Type I fibers are more susceptible to inactivity and denervation atrophy, while type 2 fibers are more susceptible to cancer, diabetes, heart disease, and aging. This difference in susceptibility can be explained by the activation and response to different signaling pathways. The peroxisome proliferator-activated receptor gamma coactivator 1-alpha (PGC1α) protects type I fibers from atrophy while the transforming growth factor beta (TGFβ) family and the nuclear factor kappaB (NF-κB) predominantly affect type 2 fibers [16].

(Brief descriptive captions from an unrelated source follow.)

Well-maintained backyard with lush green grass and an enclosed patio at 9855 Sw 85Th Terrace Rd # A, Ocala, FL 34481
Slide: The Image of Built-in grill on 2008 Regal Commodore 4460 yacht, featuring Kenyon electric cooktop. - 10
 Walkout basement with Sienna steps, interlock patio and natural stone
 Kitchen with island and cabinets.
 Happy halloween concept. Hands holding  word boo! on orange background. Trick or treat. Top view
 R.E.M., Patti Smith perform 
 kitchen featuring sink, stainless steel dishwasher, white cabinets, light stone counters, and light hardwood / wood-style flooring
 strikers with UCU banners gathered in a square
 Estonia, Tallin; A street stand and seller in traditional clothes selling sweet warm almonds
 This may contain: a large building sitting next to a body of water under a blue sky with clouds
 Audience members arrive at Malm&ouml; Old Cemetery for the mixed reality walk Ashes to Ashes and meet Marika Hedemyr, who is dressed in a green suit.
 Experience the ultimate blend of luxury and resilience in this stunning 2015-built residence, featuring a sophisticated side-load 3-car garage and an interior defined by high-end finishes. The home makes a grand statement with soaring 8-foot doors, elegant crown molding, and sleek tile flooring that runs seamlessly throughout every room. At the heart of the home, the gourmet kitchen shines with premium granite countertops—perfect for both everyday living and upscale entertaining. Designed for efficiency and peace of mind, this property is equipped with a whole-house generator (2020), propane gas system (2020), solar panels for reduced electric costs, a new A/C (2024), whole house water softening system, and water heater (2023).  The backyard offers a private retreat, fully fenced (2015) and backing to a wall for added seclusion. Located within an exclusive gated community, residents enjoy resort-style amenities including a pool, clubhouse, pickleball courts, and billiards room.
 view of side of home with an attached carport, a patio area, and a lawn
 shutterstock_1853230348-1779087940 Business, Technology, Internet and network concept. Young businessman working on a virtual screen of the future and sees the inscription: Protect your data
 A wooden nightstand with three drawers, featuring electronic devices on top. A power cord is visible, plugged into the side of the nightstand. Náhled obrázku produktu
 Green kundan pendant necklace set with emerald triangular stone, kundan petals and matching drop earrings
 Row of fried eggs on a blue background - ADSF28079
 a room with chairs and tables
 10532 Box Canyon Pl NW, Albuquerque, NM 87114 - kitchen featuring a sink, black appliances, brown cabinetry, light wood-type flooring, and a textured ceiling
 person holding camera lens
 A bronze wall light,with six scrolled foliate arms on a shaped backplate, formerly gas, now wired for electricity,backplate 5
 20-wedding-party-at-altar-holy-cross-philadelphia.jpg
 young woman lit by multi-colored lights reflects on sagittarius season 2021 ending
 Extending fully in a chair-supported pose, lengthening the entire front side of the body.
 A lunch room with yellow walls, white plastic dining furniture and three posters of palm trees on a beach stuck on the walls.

We hypothesize that the unique fiber typing of the neck extensor muscles, as illustrated by the trapezius, causes transformation from type 1 fatigue resistant muscle fibers to type 2 fatiguable muscle fibers with age and inflammatory muscle disease, and may predispose these muscles to stress, damage, and immune attack. This is speculative and requires further study.

Our patient had classic idiopathic polymyositis with prominent head drop. Invariably, these patients have a symmetric proximal myopathy. In our case, the proximal myopathy was mild. She has chronic illnesses including diabetes, chronic renal failure, and coronary artery disease. She was also advanced in age and inactive. These are all predisposing factors for fiber type transformation from slow to fast twitch fibers. The fast twitch fibers are fatiguable and when diseased are prone to immune attack due release of DAMPs and inefficient clearing pathways such as NF-kB and TLRs [15,16]. This is a putative mechanism for their predilection to immune attack and warrants further study.

Conclusions

Our case is one of the rare examples of biopsy-confirmed DHS secondary to idiopathic polymyositis. This is noteworthy as idiopathic polymyositis is a potentially treatable disease. This is an odd and unique phenotype worthy of further study. While these and other inflammatory myopathies can rarely present with head drop, they invariably also involve the proximal muscle groups. We go further in this article and analyze the biomechanics of neck extension and their predilection to weakness with advancing age and inflammatory muscle disease. We hypothesize that fiber type switching from fatigue-resistant slow twitch fibers to fatiguable fast twitch fibers in the neck extensors predisposes them to immune attack when the interstitial milieu is conducive to immune attack, as seen with idiopathic polymyositis. This hypothetical speculation needs to be borne out by further studies in the future.